1.  In order to acquire by statute of limitations title to land which has a known owner the owner must have lost his right to the land either by being dispossessed of it or by having continued his possession of it. Dispossession of the proprietor that defeats his title are acts which are inconsistent with his enjoyment of the soil for the purpose for which he intended to use it. The respondent could and did not prove that the appellant had either been dispossessed of the suit land for a continuous period of twelve years as to entitle him, the respondent to title to the land by adverse possession.

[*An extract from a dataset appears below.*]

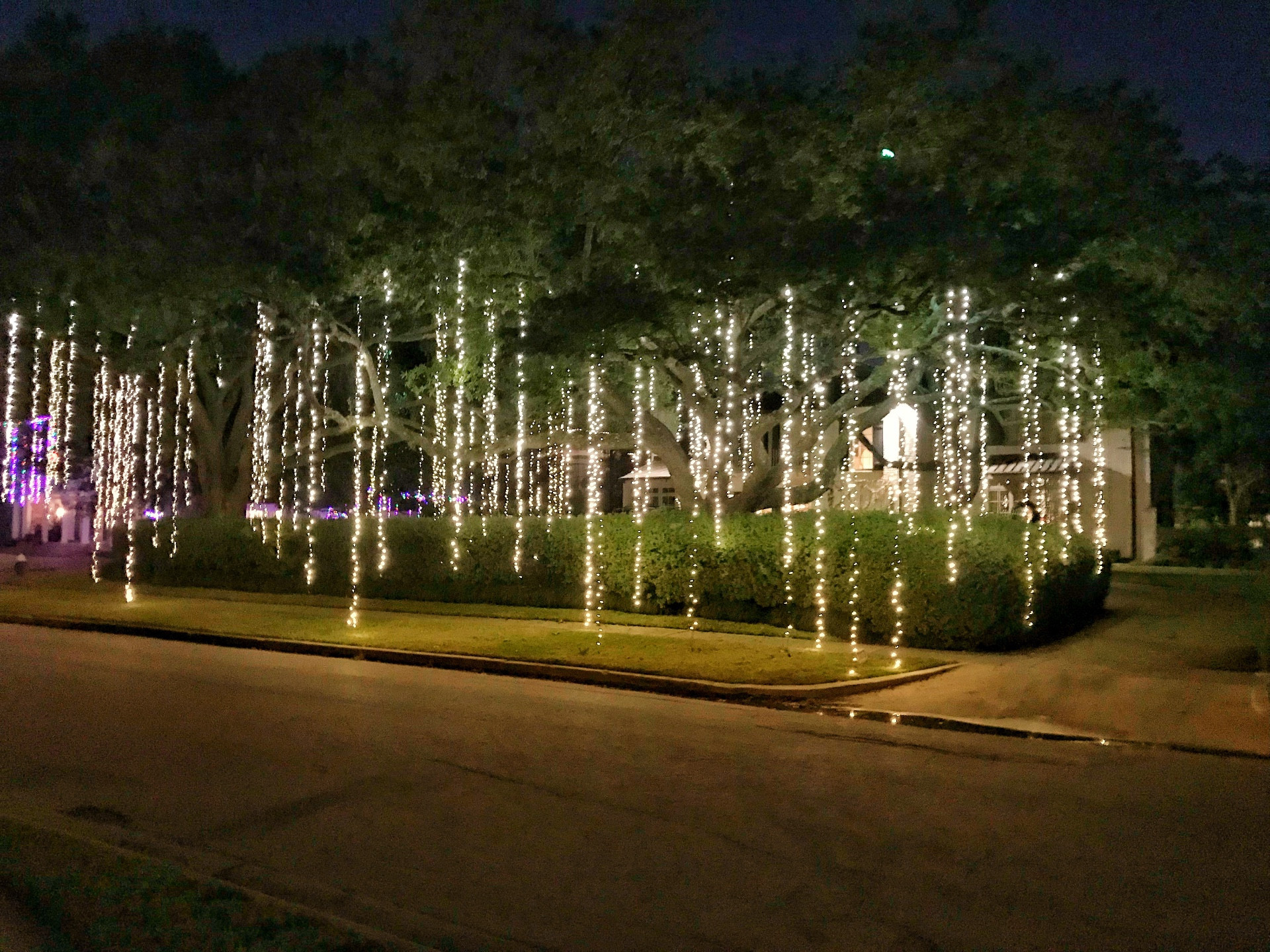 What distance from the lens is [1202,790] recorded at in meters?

2.  The limitation of Actions Act, on adverse possession contemplates two concepts: dispossession and discontinuance of possession. The proper way of assessing proof of adverse possession would then be whether or not the title holder has been dispossessed or has discontinued his possession for the statutory period and not the claimant has proved that he has been in possession for the requisite number of years.

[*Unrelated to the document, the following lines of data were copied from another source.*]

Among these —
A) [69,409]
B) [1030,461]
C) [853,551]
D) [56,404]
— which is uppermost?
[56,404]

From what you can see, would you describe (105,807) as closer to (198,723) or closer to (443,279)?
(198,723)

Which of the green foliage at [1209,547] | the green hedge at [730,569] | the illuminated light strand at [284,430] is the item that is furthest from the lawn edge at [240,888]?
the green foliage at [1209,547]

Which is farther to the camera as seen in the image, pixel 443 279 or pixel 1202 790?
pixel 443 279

3.  Where a claimant pleads the right to land under an agreement and in the alternative seeks adverse possession, the rule is: the claimant’s possession is deemed to have become adverse to that of the owner after the payment of the last installment of the purchase price. The claimant will succeed under adverse possession upon occupation for at least 12 years after such payment.

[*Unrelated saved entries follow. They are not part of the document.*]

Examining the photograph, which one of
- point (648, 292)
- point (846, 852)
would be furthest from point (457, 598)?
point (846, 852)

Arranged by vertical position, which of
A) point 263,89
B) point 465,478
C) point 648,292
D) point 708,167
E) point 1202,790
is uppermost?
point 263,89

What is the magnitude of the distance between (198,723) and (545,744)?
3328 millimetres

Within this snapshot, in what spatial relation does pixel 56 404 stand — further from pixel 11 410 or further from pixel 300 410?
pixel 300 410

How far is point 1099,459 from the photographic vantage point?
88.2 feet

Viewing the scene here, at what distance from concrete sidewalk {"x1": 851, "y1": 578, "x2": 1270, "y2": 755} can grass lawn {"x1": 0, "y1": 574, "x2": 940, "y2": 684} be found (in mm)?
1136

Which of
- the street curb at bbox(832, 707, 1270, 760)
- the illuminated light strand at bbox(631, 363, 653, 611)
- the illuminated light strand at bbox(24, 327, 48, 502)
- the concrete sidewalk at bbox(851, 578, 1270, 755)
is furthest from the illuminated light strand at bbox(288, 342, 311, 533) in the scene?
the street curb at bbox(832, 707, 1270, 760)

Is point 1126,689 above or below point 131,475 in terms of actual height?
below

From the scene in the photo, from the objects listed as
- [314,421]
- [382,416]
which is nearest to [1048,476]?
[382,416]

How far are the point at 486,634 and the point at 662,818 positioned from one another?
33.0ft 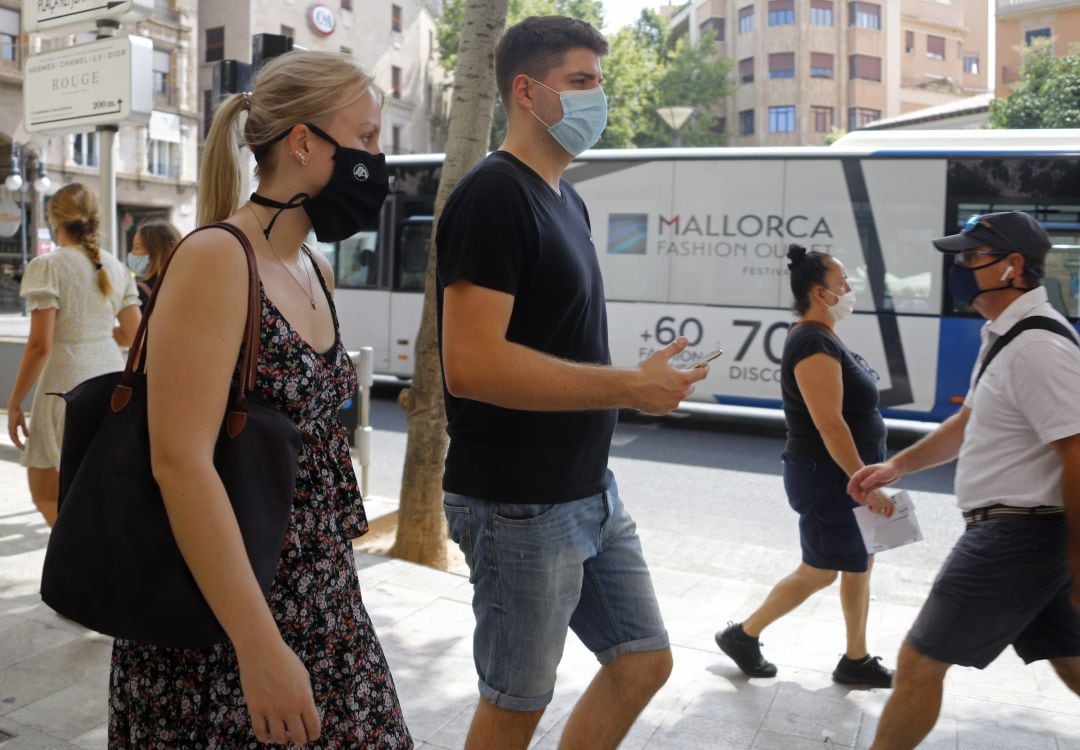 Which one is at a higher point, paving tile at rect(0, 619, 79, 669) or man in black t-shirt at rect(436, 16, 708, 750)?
man in black t-shirt at rect(436, 16, 708, 750)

The court was also guided by the case of  Francis Gicharu Kariri - v- Peter Njoroge Mairu, Civil Appeal No. 293 of 2002 (Nairobi) the Court of Appeal approved the decision of the High Court in the case of Kimani Ruchire -v - Swift Rutherfords & Co. Ltd. (1980) KLR 10 where Kneller J, held that:

"The plaintiffs have to prove that they have used this land which they claim as of right: nec vi, nec clam, nec precario (no force, no secrecy, no persuasion)”.

So the plaintiff must show that the defendant had knowledge (or the means of knowing actual or constructive) of the possession or occupation. The possession must be continuous. It must not be broken for any temporary purposes or any endeavours to interrupt it. In applying these principles to the present case, the plaintiff states that he bought the suit land from one Angelina Musa Shikuku and produced the sale agreement. That he took possession in 1994 and lives there to date. The plaintiff’s evidence was unchallenged. For these reasons, I find that the plaintiff has been in exclusive, continuous and uninterrupted possession, occupation and open use of the said portion of land for a period in excess of 12 years. I find that the plaintiff has established that his possession of the suit land was continuous and not broken for any temporary purposes or any endeavours to interrupt it for a period of 12 years. I find that the plaintiff has established his case on a balance of probabilities against the defendant and l grant the following orders;

1.  Declaration that the defendant/respondent holds in trust for the plaintiff/applicant land parcel No. Kakamega/Soy/387.

2.  That the plaintiff/applicant be declared the owner of land parcel No. Kakamega/Soy/387 and which he occupies and to which he is entitled to by virtue of adverse possession and which the defendant/respondent be ordered to transfer the said suit land to the plaintiff/applicant within the next 90 (ninety) days from the date of this judgement and in default the Deputy Registrar to sign the transfer documents.

3.  No orders as to Costs.

It is so ordered.

DELIVERED, DATED AND SIGNED AT KAKAMEGA THIS 28TH DAY OF JULY 2020.